* **What this task involves**
Keep the wording of each record exactly the same when you repeat it, and leave out pictures.

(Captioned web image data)
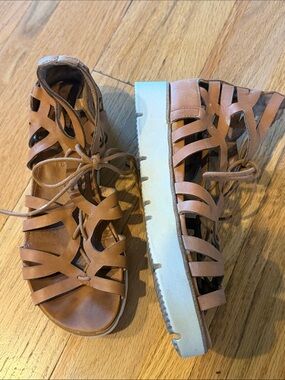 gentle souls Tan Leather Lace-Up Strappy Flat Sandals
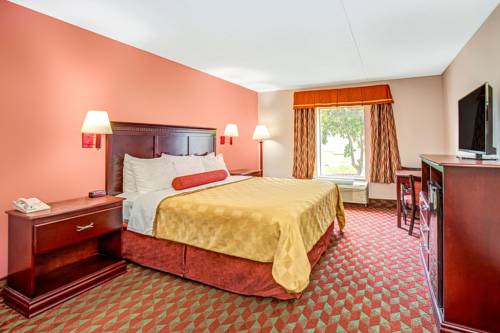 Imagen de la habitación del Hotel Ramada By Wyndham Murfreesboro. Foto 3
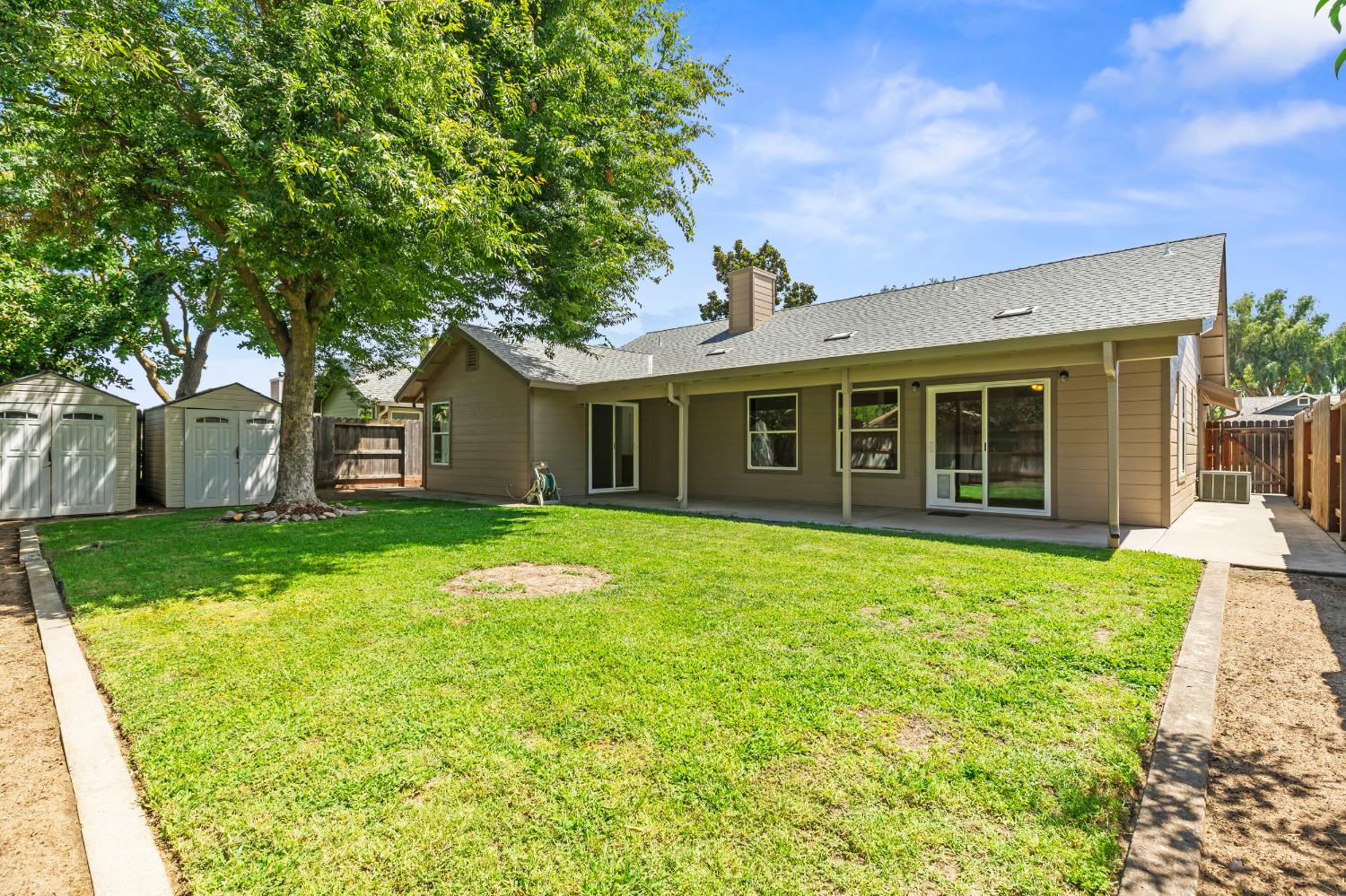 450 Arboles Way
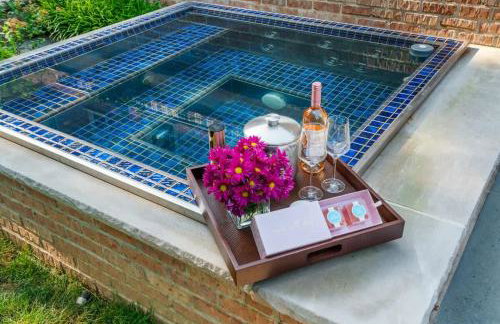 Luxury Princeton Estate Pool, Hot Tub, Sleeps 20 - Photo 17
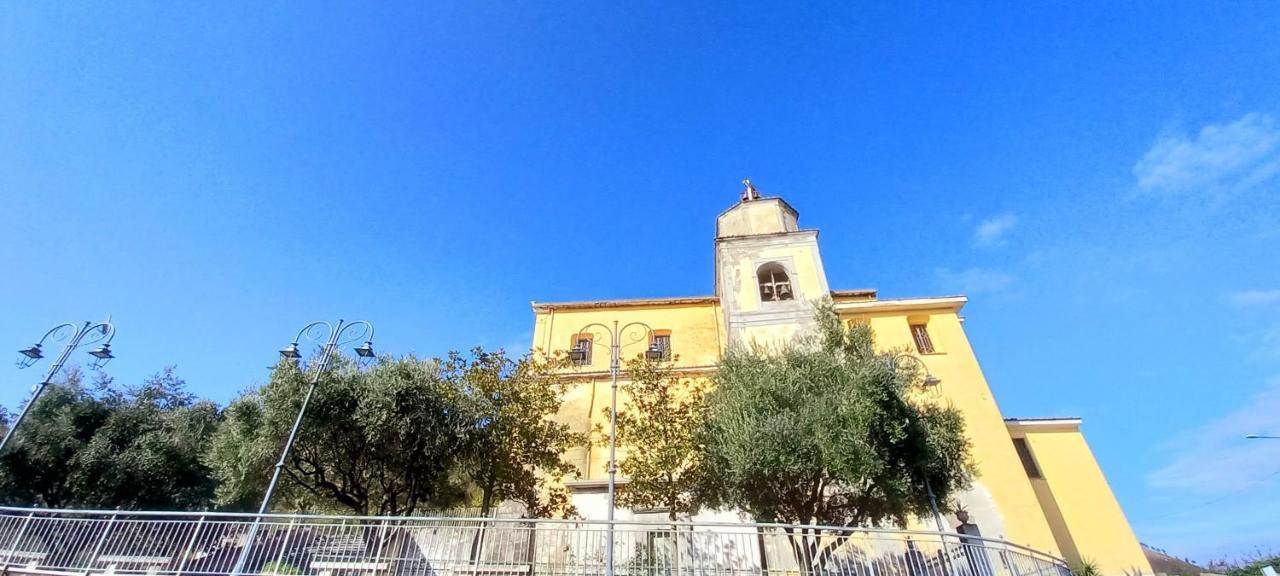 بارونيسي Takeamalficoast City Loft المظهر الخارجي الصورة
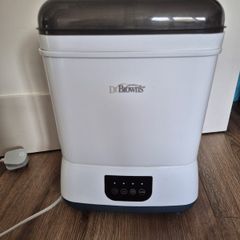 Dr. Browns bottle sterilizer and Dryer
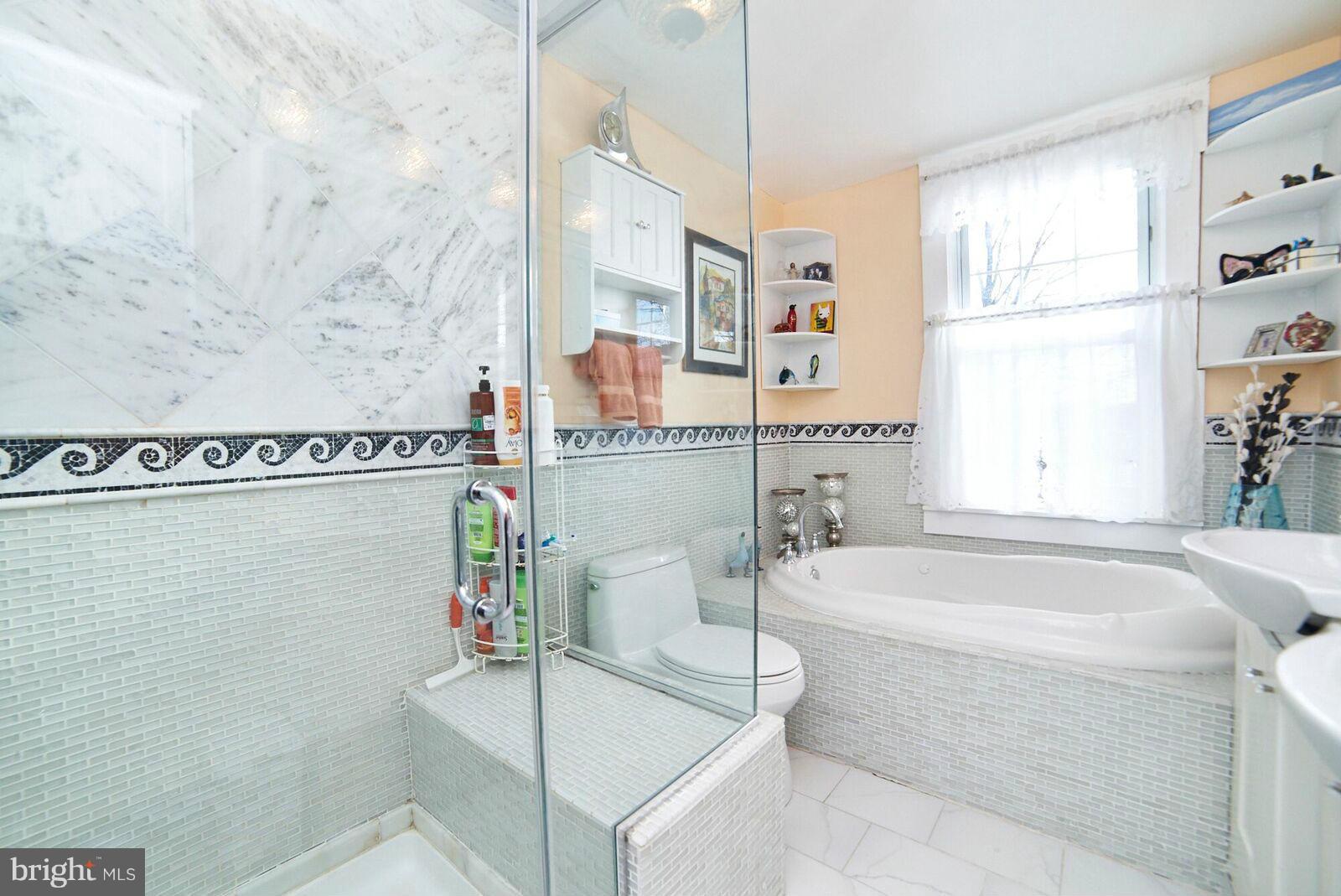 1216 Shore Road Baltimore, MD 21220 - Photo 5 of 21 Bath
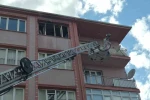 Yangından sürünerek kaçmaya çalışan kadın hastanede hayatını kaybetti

* **Task result**
 gentle souls Tan Leather Lace-Up Strappy Flat Sandals
 Imagen de la habitación del Hotel Ramada By Wyndham Murfreesboro. Foto 3
 450 Arboles Way
 Luxury Princeton Estate Pool, Hot Tub, Sleeps 20 - Photo 17
 بارونيسي Takeamalficoast City Loft المظهر الخارجي الصورة
 Dr. Browns bottle sterilizer and Dryer
 1216 Shore Road Baltimore, MD 21220 - Photo 5 of 21 Bath
 Yangından sürünerek kaçmaya çalışan kadın hastanede hayatını kaybetti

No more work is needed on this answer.